A part of the bay and a stream flowing into it were designated as a Site of Special Scientific Interest in 1999.

Private property developers Sun Hung Kai and Swire Properties have stated in 2000 having started purchasing land in the area "many years ago". It was reported in 2014 that about 70 per cent of private land in the Tai Ho area had been sold to developers, the majority of it being owned by Sun Hung Kai Properties. Villagers have protested against some aspects of the environmental protection plans of the area, which might constrain their right to farm and build small houses. Protests involved the blocking of private roads and footpaths leading to the bay, as well as the destruction of mangrove in 2014.

==Nature==
Tai Ho Stream (大蠔河) runs past Tin Liu, Tai Ho San Tsuen and Ngau Kwu Long to Tai Ho Wan. It has been reported as the stream supporting the greatest diversity of freshwater fish and brackish water fish in Hong Kong, with 68 species recorded. In 1999, the Hong Kong Government designated Tai Ho Stream as the 63rd Site of Special Scientific Interest (SSSI) due to the discovery of the Ayu (Plecoglossus altivelis) in the river, which cannot be found anywhere in the world except for waters in Hokkaidō, and Hong Kong. Other freshwater fish species recorded include Anguilla marmorata, A. japonica, Awaous melanocephalus and Pisodonophis boro. The SSSI covers an area of about 5 hectares that includes Tai Ho Stream and several tributaries, as well as the southern end of Tai Ho Bay, featuring mangrove and seagrass.

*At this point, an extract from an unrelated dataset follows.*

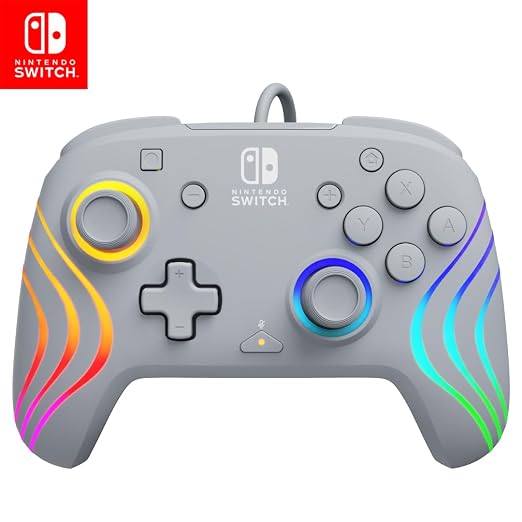 PDP Afterglow Wave Wired RGB Gaming Controller for Nintendo Switch 2, Lite by PDP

Other species that have been recorded in the area include Horseshoe crabs, that are commonly found in the Halophila beccarii seagrass beds of Tai Ho Wan, tokay gecko (Gekko gecko), rare or uncommon butterflies including red lacewing (Cethosia biblis) and amphibian species including Romer's tree frog (Liuixalus romeri) and short-legged toad (Megophrys brachykolos).

==Infrastructure==
Tai Ho Wan was partially reclaimed in the 1990s. It is now crossed by the North Lantau Highway, Cheung Tung Road, the Airport Express and the Tung Chung line of the MTR. The land reclamation is also the site of the interchanges between North Lantau Highway and Shun Long Road (順朗路), part of the Tuen Mun–Chek Lap Kok Link.

==Other features==
A site in Pak Mong and a site in Tai Ho Village have been listed as a Sites of Archaeological Interest.

The area features three graded historic structures: the watchtower of Pak Mong (Grade II), the watchtower of Tai Ho (Grade III) and the Entrance Gate of Pak Mong (Grade III).